**Work item**
Could you reproduce, word for word, everything below from the line containing "Close-up of a" down to the line containing "Los niños iraquíes", with both of those lines included and no others?

● ● ● ●

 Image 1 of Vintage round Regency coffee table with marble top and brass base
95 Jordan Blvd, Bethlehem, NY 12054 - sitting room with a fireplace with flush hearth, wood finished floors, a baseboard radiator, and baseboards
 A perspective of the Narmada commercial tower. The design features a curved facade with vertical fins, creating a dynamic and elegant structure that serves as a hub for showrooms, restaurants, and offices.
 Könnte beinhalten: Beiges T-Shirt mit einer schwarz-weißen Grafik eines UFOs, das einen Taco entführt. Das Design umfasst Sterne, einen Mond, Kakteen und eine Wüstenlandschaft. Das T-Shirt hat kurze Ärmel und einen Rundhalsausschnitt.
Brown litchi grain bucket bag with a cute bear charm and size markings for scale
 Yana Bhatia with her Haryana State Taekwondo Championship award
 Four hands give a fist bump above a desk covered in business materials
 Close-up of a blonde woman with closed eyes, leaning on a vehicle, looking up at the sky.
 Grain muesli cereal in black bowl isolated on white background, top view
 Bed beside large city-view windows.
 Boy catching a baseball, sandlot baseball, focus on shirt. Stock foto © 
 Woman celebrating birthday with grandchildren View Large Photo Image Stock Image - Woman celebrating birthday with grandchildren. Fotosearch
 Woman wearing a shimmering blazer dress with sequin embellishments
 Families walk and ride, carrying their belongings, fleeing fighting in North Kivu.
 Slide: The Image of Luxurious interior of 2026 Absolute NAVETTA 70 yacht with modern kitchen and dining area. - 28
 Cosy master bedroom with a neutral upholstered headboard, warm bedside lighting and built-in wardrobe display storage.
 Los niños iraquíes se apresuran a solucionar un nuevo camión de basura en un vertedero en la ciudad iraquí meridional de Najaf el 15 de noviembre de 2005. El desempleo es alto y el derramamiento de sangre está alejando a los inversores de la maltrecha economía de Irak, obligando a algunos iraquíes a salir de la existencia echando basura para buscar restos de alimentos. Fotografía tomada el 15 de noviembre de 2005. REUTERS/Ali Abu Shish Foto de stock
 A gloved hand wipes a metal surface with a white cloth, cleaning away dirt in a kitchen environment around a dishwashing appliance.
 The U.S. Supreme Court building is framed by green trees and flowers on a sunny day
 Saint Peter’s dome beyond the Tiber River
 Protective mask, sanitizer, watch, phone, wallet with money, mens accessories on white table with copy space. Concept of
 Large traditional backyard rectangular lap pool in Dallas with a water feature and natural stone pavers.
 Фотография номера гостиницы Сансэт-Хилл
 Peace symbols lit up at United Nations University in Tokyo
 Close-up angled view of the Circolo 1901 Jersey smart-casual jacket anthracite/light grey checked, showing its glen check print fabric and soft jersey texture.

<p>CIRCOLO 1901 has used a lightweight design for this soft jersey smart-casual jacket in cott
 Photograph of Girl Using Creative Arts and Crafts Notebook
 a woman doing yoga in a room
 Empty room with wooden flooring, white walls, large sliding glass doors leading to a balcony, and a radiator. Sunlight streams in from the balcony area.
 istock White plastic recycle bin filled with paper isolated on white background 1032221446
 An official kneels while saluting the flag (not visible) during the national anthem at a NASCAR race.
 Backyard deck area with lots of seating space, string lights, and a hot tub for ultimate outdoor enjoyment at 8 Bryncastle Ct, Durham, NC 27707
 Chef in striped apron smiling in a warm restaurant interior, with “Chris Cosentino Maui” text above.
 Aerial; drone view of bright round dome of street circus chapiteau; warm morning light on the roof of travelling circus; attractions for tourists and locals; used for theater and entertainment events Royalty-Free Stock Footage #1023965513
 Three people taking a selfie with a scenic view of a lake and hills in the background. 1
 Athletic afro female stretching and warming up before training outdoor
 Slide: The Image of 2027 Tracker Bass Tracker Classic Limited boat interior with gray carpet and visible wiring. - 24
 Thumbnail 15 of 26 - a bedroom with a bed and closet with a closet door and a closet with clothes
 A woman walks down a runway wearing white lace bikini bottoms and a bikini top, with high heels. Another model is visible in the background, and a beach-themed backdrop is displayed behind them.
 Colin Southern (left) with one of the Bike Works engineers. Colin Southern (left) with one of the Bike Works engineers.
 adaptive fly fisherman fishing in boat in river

● ● ● ●

**Solution to the problem**
 Close-up of a blonde woman with closed eyes, leaning on a vehicle, looking up at the sky.
 Grain muesli cereal in black bowl isolated on white background, top view
 Bed beside large city-view windows.
 Boy catching a baseball, sandlot baseball, focus on shirt. Stock foto © 
 Woman celebrating birthday with grandchildren View Large Photo Image Stock Image - Woman celebrating birthday with grandchildren. Fotosearch
 Woman wearing a shimmering blazer dress with sequin embellishments
 Families walk and ride, carrying their belongings, fleeing fighting in North Kivu.
 Slide: The Image of Luxurious interior of 2026 Absolute NAVETTA 70 yacht with modern kitchen and dining area. - 28
 Cosy master bedroom with a neutral upholstered headboard, warm bedside lighting and built-in wardrobe display storage.
 Los niños iraquíes se apresuran a solucionar un nuevo camión de basura en un vertedero en la ciudad iraquí meridional de Najaf el 15 de noviembre de 2005. El desempleo es alto y el derramamiento de sangre está alejando a los inversores de la maltrecha economía de Irak, obligando a algunos iraquíes a salir de la existencia echando basura para buscar restos de alimentos. Fotografía tomada el 15 de noviembre de 2005. REUTERS/Ali Abu Shish Foto de stock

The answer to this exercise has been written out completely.